Wow! That is an awesome deal you got! Where did you find it for that low? I got one too and absolutely love it. Congrats and post pics!  



covrc said:


> Hi Guys and thanks for the help.
> 
> I pulled the trigger and bought myself my first Look.
> 
> ...


----------



## covrc (Mar 27, 2004)

*2007 555 Headset*

Hi All,

I think my frame gets delivered today! :7: 

I know that the ad said it required an IS (intergrated systems).
Is that different than any other 1 1/8 threadless headset? 

I Know Campy makes a 'hidden' headset. Does that apply here with the 555?

Thanks Again and I appreciate the good vibes emails from you guys.

covrc
:23:


----------



## Dave Riley (Sep 22, 2005)

*I'm Envious*

Hope all you guys enjoy your new rides. I came very close to buying a 2007 Look 555 with 105 for just around 2G this past September. I'd been putting aside some $ for the last few years to upgrade my road bike to something nice but not extravagant (I ride an older Trek 1000 now...still in good shape but I'd like to retire it to permanent fluid trainer duty). The Look caught my eye after 3-4 months of looking. I considered the Giant TCR and OCR line, Specialized Tarmac and Roubauix, Cervelo Team Soloist, Kestral Talon, Trek 5000, and a couple of Felt carbon bikes. I'm a 55 year old runner turned triathlete turned bike rider. Some of the aforementioned bikes were great deals and solid bikes (e.g. the Cervelo is awesome but really made for racing. I need something that is quick but forgiving on long rides).

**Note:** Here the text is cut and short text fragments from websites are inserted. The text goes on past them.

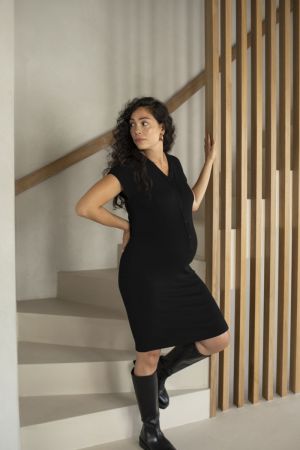 RIB DRESS BAMBOO BLACK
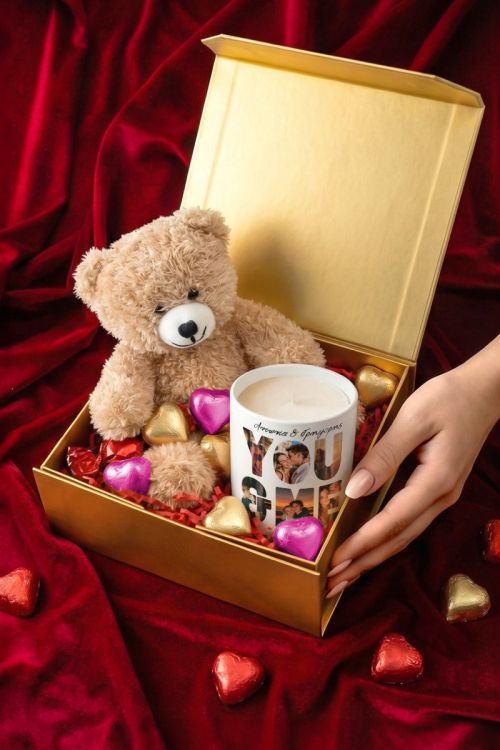 Romantic Gift Box με Αρωματικό Κερί, Αρκουδάκι, Γλυκά & Μπαλόνια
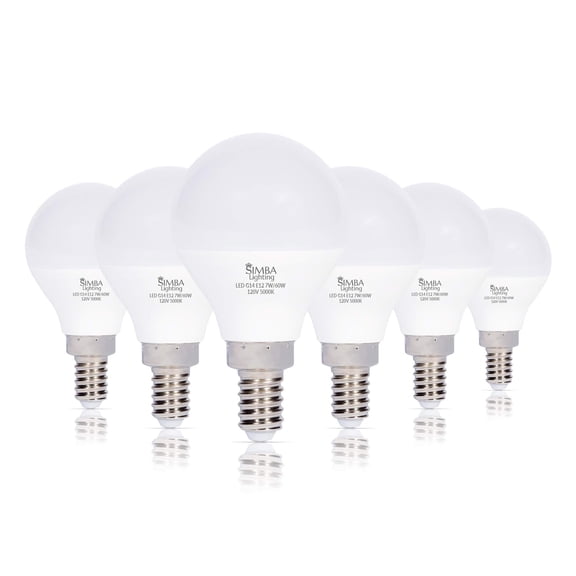 Simba Lighting LED G14 G45 7W 60W Replacement Bulbs 120V E12 Candelabra Base 5000K Daylight 6-Pack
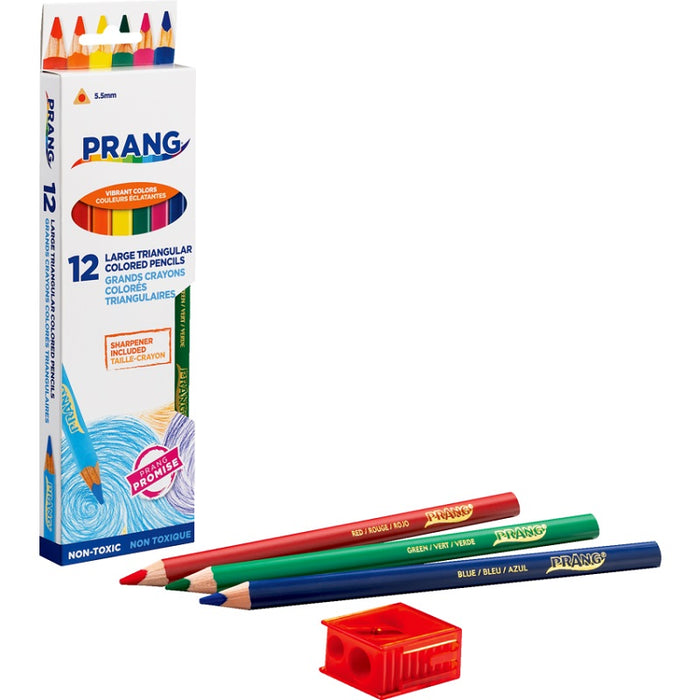 Pencils-Coloured, Prang Triangular 12 Colours
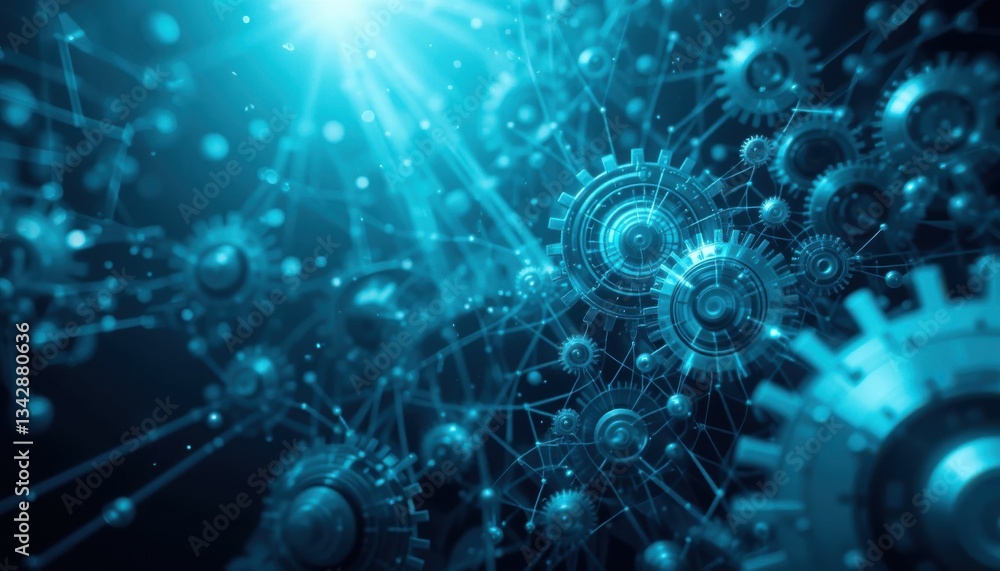 Aufkleber dynamic network of gears modern engineering design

Anyway, my son and his family had a financial crisis so priorities were re-arranged. My bike can wait, but I am a little disappointed. The Look 555 seems like a really good deal. I love the ride and the bike looks pretty sharp. I'm not sure if a Look will be in my wheelhouse in the future.


----------



## toonraid (Sep 19, 2006)

Don't worry come autumn again there will be many deals by shops/look trying to clear up stock and make room for new inventory.


----------



## edk (Aug 16, 2005)

toonraid said:


> Interesting that they pointed out counterfeit carbon wheels - I didn't know the original even existed till I saw a picture of Jaja on a 585 ultra on Look carbon wheels in their 08 catalogue so I guess they were going to release it but perhaps had problems in production and the manufacturer is now selling them through the back door to cut their losses. While on topic of new products anyoneknow what the new Look Easy pedal is all about?



In my opinion Jaja is on rebadged Lightweights on the photo you mentioned.


----------



## toonraid (Sep 19, 2006)

But why would he do that - I am sure he is not short of sponsors and if Look gave him a pair of wheels to ride they must have a purpose!


----------